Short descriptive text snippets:
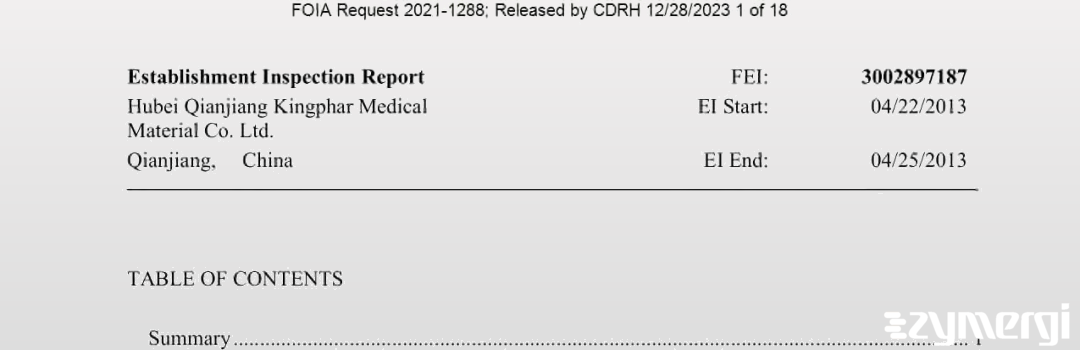 FDANews EIR Hubei Qianjiang Kingphar Medical Material Co. Ltd. Apr 25 2013 top
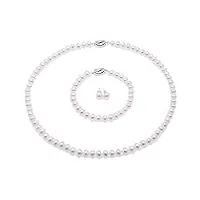 jyx - ensemble de bijoux womans perles - ensemble de boucles d'oreilles, de bracelets et de boucles d'oreilles avec perle d'eau douce blanche aa - (7-8mm flat round pearl)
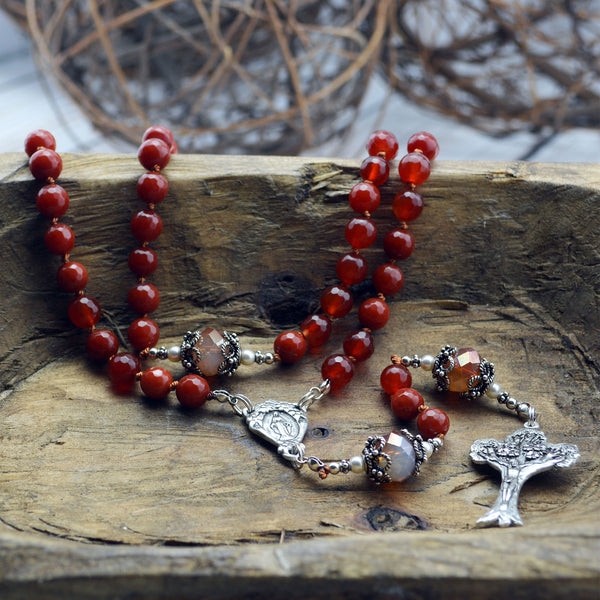 Faceted Red Agate Rosary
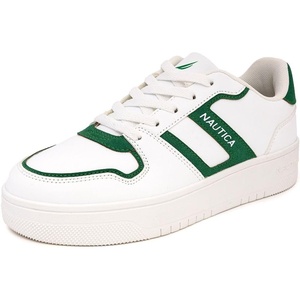 Nautica Platform Sneakers for Womens Fashion Trendy Shoes White Casual Sneaker Thick Sole Everyday Walking Shoes(White Green-knottingwood)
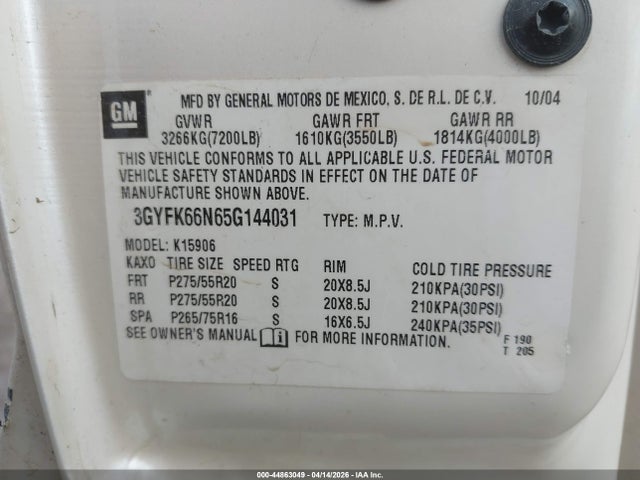 Aukcja sprzedaży 2005 Cadillac Escalade Esv Platinum Edition, vin: 3GYFK66N65G144031, numer aukcji: 44863049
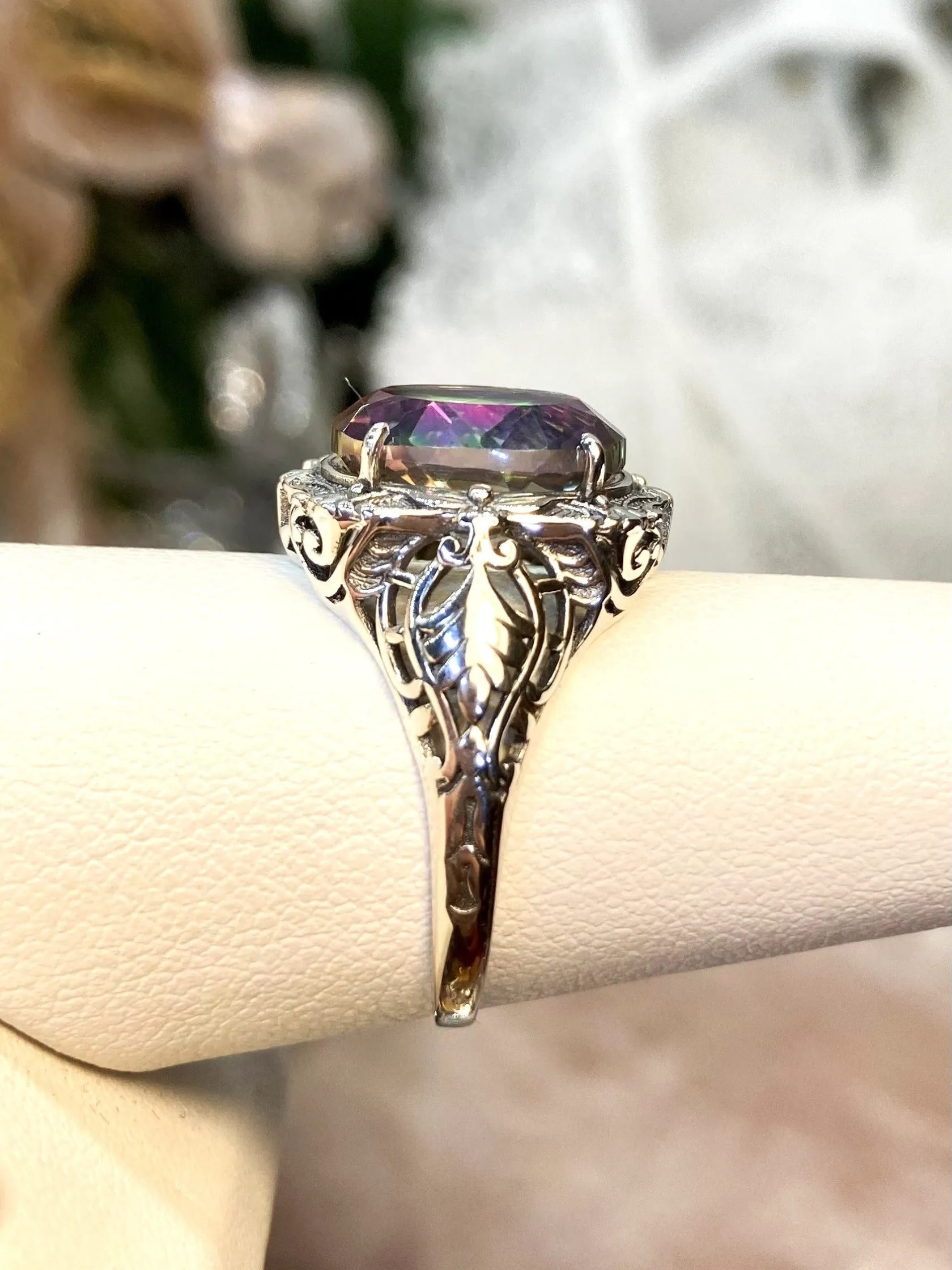 Natural Topaz Ring, Beauty Ring, Rainbow Mystic Natural Gemstone, Oval Art Nouveau Filigree Ring, D229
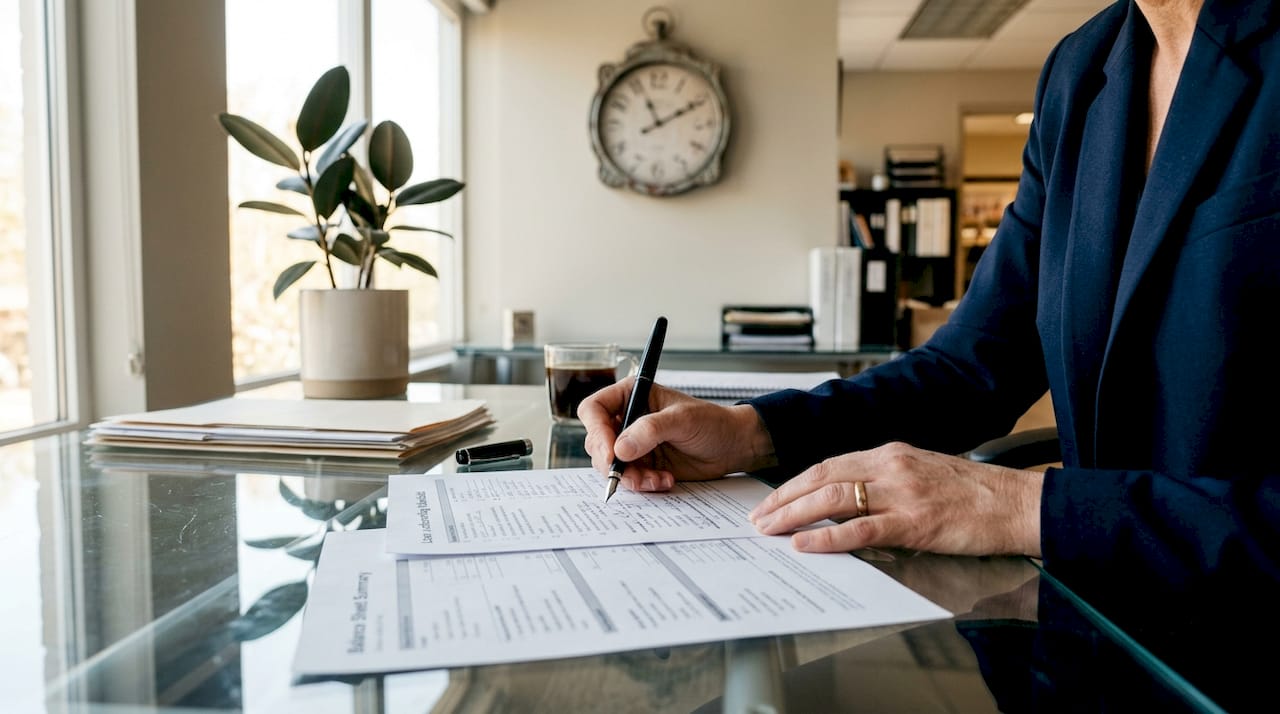 Overhead view of loan officer reviewing underwriting documents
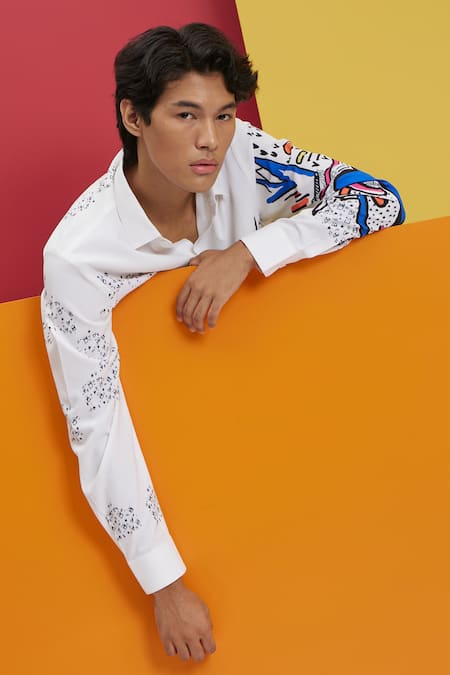 Shop_Nautanky_White Polyester Embroidery Gardenia Placement Doodle Print Shirt 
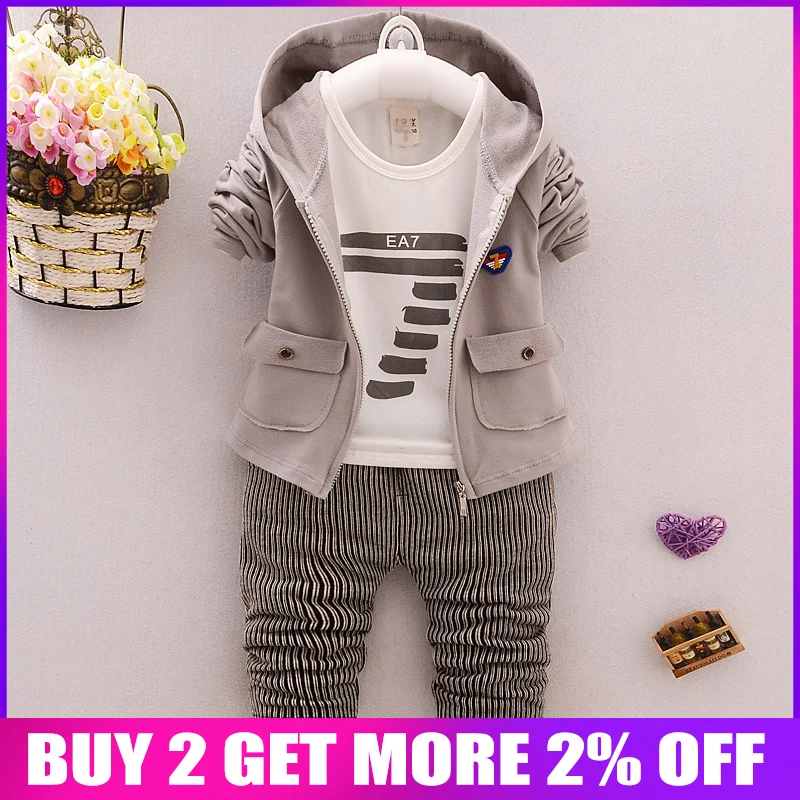 

BibiCola 2018 spring autumn baby boy clothing sets 3pcs T-shirt+Hoodie Jacket+Striped pants toddler boys Outfit Tracksuit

• [What needs to be done]
Only the lines above starting with the line with "Aukcja sprzedaży 2005" and going on through the line with "Natural Topaz Ring, Beauty" belong in the answer; repeat them exactly, minus any picture.

• [Final answer]
 Aukcja sprzedaży 2005 Cadillac Escalade Esv Platinum Edition, vin: 3GYFK66N65G144031, numer aukcji: 44863049
 Natural Topaz Ring, Beauty Ring, Rainbow Mystic Natural Gemstone, Oval Art Nouveau Filigree Ring, D229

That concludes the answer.